Call it emotional manipulation, or just call it good campaigning. But as of last Thursday, when Measure 5 supporters started putting out the word for pet portraits from supporters of the cause, the images for the campaign started to reach a whole new level of effectiveness.
And they've been picked up on websites all over.
"They did! Buzzfeed and the Huffington Post," says Kristie Skunberg, Measure 5 campaigner. "It's been a great experience."
The portraits poured in from animal lovers around the country. All urging voters to say yes on Measure Five, and all featuring an adorable pet holding a placard that carries campaign messages like "Vote to protect my furry friends in North Dakota."

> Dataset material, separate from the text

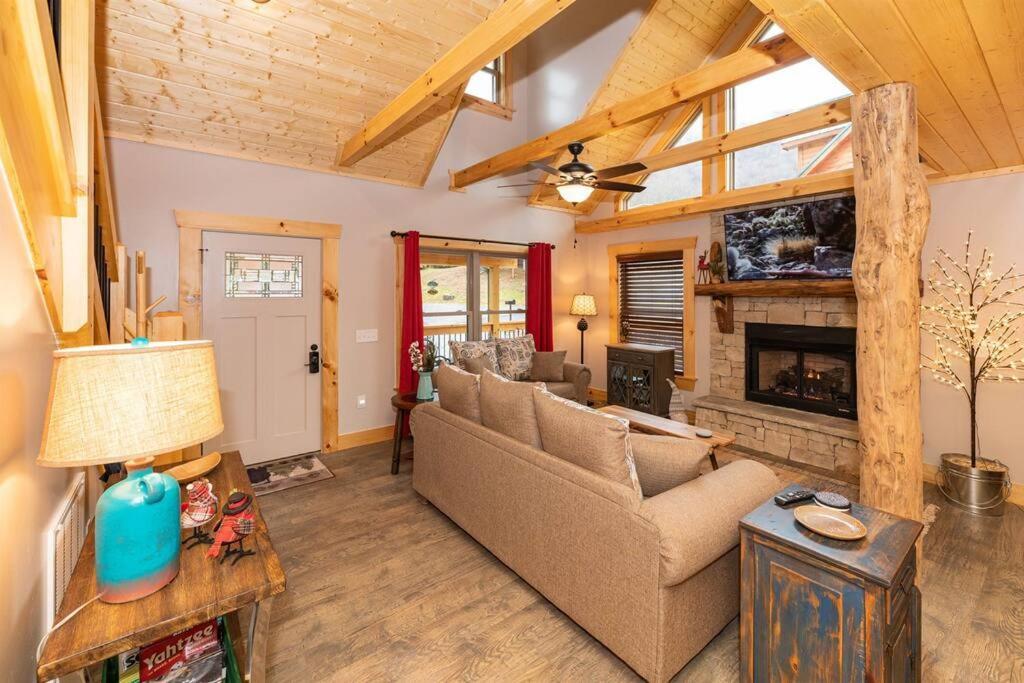 The Snow Owl Cabin Maggie Valley Εξωτερικό φωτογραφία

However effective the images may be in appealing to animal lovers, the Fargo-Moorhead Humane Society's Nukhet Hendricks says it's not that simple.
"My concern is that this initiative is too narrow in scope," she says.
Hendricks says the measure only protects dogs, cats and horses -- no other species, including the many other types of companion animals people keep as pet. And, the measure covers only the very worst types of abuse, but not the routine types of neglect and garden-variety cruelty that are most likely to land animals in her shelter.
"It's not about just getting laws into the books. It's about making changes to benefit all the animals." Hendricks also says once the measure were to be law, it would require a two-thirds majority of the state legislature to toughen it. And that could be tough, she cautions, in a state legislature that hasn't embraced the issue in the past.
But Measure Five supporters say the law would be at least a start.
"I think with a big public vote it sends a strong message to the state legislature. That's why we took it to a public vote. So it's a win win," says Skumberg.
And with images like the ones in the campaign coming in from all over the country, voters might not remember the controversy -- just the cute.